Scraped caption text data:
#####

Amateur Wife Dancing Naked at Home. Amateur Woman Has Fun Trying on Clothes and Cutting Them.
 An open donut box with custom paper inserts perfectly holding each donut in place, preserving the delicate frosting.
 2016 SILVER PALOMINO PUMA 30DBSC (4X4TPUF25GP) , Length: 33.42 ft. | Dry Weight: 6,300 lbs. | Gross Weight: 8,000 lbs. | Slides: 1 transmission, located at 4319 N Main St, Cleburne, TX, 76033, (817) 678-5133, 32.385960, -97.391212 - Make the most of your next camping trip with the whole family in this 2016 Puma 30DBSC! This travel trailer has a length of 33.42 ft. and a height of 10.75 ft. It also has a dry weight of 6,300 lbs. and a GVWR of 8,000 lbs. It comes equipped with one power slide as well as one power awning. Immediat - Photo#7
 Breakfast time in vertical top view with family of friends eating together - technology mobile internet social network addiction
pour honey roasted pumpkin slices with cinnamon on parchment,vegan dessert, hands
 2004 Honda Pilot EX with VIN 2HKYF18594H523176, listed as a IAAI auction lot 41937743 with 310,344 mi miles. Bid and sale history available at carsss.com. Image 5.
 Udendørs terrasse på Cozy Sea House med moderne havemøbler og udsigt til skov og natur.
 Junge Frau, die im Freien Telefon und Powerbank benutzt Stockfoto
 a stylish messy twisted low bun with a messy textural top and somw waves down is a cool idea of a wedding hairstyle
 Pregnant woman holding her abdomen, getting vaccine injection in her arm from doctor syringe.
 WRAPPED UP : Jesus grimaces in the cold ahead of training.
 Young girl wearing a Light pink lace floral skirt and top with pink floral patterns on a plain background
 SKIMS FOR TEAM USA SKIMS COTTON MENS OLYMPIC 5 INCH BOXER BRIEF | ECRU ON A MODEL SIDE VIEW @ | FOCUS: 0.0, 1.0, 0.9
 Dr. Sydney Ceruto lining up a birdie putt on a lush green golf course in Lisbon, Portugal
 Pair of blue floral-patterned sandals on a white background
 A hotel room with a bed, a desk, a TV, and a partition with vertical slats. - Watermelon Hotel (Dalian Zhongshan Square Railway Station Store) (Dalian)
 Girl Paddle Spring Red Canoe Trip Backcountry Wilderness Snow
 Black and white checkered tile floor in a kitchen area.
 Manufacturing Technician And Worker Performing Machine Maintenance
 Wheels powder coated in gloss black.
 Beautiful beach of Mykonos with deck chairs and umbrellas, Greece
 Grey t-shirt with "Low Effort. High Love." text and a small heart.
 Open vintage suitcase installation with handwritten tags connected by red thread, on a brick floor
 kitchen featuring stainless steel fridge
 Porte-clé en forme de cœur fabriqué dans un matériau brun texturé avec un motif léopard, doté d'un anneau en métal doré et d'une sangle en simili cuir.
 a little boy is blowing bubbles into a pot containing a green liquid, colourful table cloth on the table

#####

## Brief
Nothing before the line containing "Wheels powder coated in gloss black." should be repeated; repeat that line and all later lines through the end of the data above, exactly.

## Reply
 Wheels powder coated in gloss black.
 Beautiful beach of Mykonos with deck chairs and umbrellas, Greece
 Grey t-shirt with "Low Effort. High Love." text and a small heart.
 Open vintage suitcase installation with handwritten tags connected by red thread, on a brick floor
 kitchen featuring stainless steel fridge
 Porte-clé en forme de cœur fabriqué dans un matériau brun texturé avec un motif léopard, doté d'un anneau en métal doré et d'une sangle en simili cuir.
 a little boy is blowing bubbles into a pot containing a green liquid, colourful table cloth on the table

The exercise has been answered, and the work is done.